Each flaw was identified by multiple independent parties within a bizarre span of two months, even though these flaws have existed for more than two decades. Meltdown breaks the isolation between user applications and the operating system, allowing programs to access any memory on the device. With operating system patches, Apple and Android have already acted to try to mitigate the risk associated with Meltdown.
Though it is harder to exploit, Spectre is the more difficult vulnerability class to address. This type of attack breaks the isolation between applications, tricking an otherwise error-free program into mining the memory of another application. There are two variants of Spectre: #1 is a bounds check bypass and #2 is a branch target injection.

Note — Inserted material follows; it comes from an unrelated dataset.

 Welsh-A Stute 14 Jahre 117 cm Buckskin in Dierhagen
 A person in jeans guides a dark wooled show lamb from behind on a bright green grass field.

Leading manufacturers of processors like Intel, AMD, and ARM have been quick to release multiple microcode and firmware updates to try to remedy different variants of Meltdown and Spectre. Operating system and browser updates have proven effective at mitigating Spectre so far. Google, who helped first identify these vulnerabilities, has released a white paper on a software-based fix for Spectre called Retpoline, which has shown better relative performance than other attempts.
As new attack variants are identified, more updates and patches are being launched. Ultimately, the only true fix is a hardware update which will take some time to fully rollout.
So, how did we get here?
The Increasing Cybersecurity Threat to Hardware
Spectre is an indirect result of speculative execution, a process meant to expedite the execution of code by computing results out of order. This out-of-order flexibility opened the door for the possibility that malicious code could be used to trick the processor into accessing a portion of memory that it didn’t have access to. A team trying to improve the performance of its hardware accidently opened up a major security vulnerability. Should they have seen the potential tradeoff then? It did take two decades for someone to notice, so it is difficult to pass judgement.

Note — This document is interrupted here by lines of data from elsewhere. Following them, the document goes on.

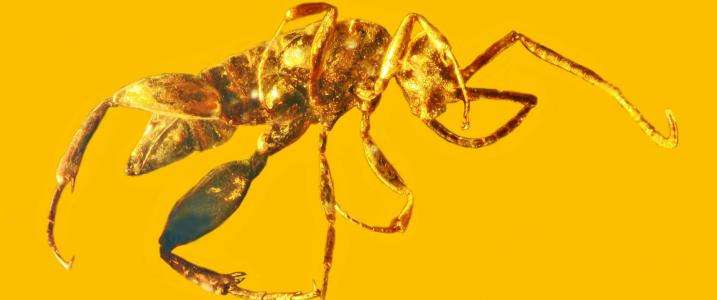 Ancient wingless wasp, now extinct, is one of a kind
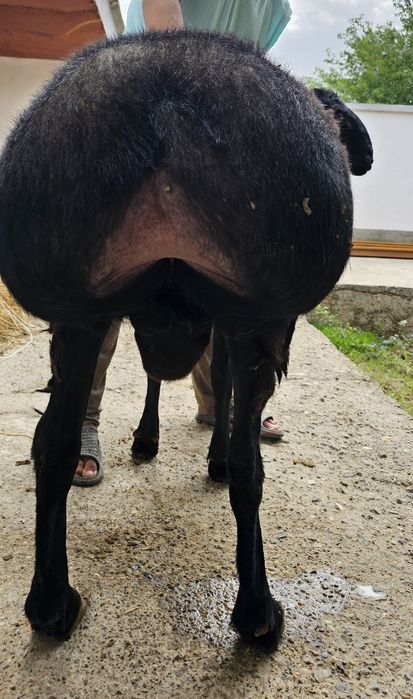 Qoʻchqor 3 yoshar Surxon paroda sim jun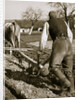 A farmer at work, ploughing a field by Anonymous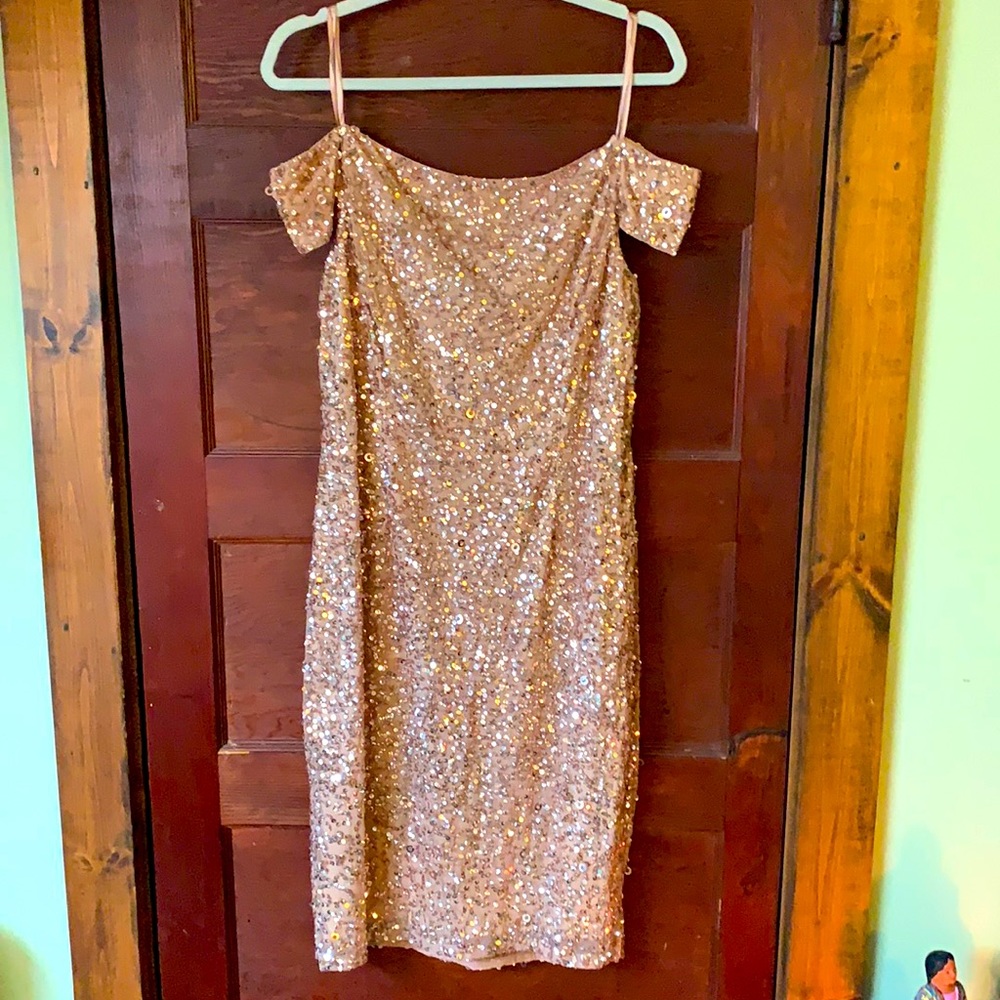 Rose Gold Sequin Dress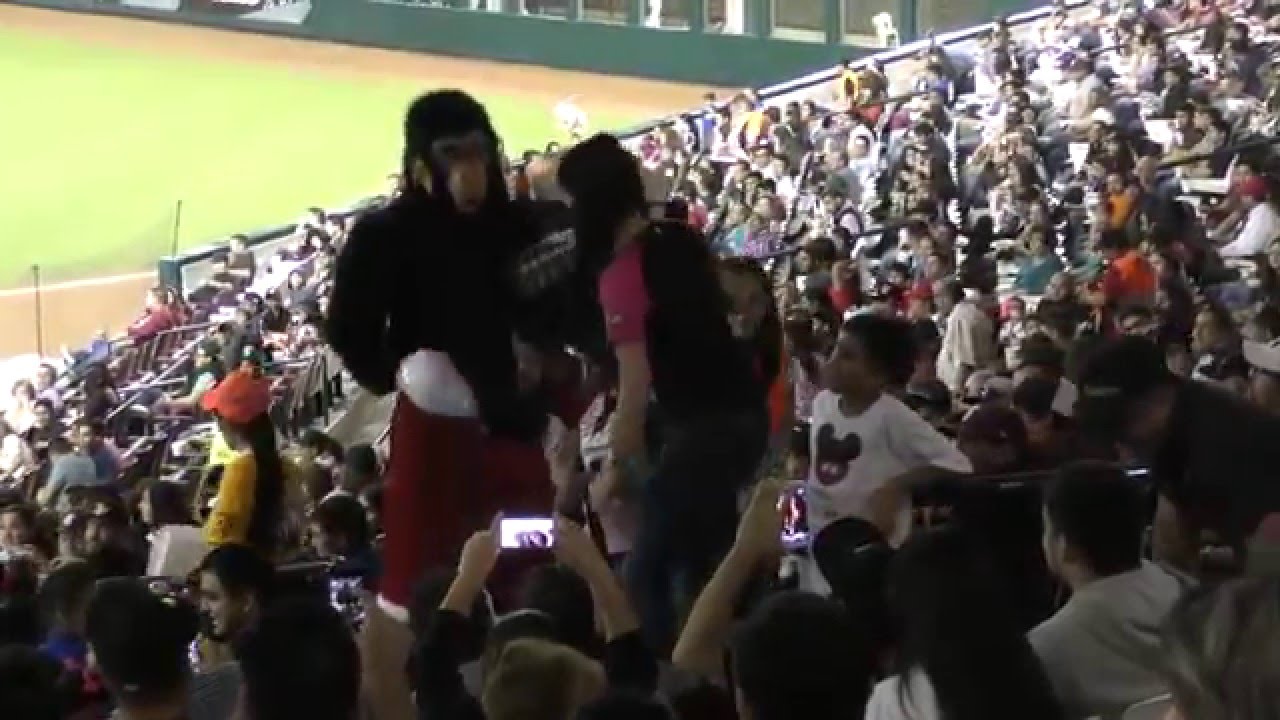 precio pastelazo cañonazo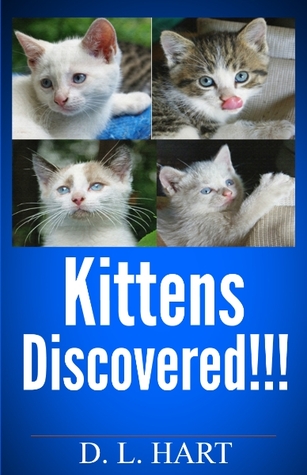 Kittens Discovered!!!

When most people think of cybersecurity, they likely picture black hat hackers working in a dark room trying to “break into the mainframe”. In this case, the vulnerability was a hardware and design flaw, which means:
- No immediate software patch can totally fix the problem
- No amount of pure code review would have prevented a cybersecurity threat like this
- No monitoring system could have caught this security flaw
For these reasons and more, hardware security threats are becoming a bigger and bigger concern, especially for companies who are prime targets for attacks. In the Aerospace & Defense industry right now, companies are concerned that cyberattacks could actually lead to hardware flaws. By breaking into a company’s design and development systems, all a hacker needs to do is tweak specifications slightly and the result can be devastating. These counterfeit parts are especially difficult to defend against because supply chains can include hundreds of suppliers. One weak link can break the end product.

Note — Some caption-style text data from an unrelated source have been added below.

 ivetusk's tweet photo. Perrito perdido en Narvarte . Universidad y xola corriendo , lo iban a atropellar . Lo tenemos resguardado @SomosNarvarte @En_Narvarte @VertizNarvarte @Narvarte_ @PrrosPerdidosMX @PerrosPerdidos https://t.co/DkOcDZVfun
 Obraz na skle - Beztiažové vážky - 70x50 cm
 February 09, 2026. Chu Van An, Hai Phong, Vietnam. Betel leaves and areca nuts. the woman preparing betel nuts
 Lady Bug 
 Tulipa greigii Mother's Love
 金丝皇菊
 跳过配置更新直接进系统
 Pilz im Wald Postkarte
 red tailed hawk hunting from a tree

Then, how do you tackle this problem? There’s no one panacea for these challenges, but companies must take steps to improve cross-functional communication and verify quality reviews at each step of development. That means establishing an end-to-end peer review process that has the capacity to review and finalize requirements, capture changes between design documents, and mark defects in source code.
Outlining a Quality-First Process from Scratch
For most companies right now, their design, development, and testing process are disjointed. Drafts and deliverables are dispersed between excel files, word files, email threads, CAD and analysis tools, requirements management tools, and source code repositories. Which tool is actually responsible for ensuring quality? Each has quality-centric features (spell check, pull requests, etc.), but none of these are the source of truth for quality.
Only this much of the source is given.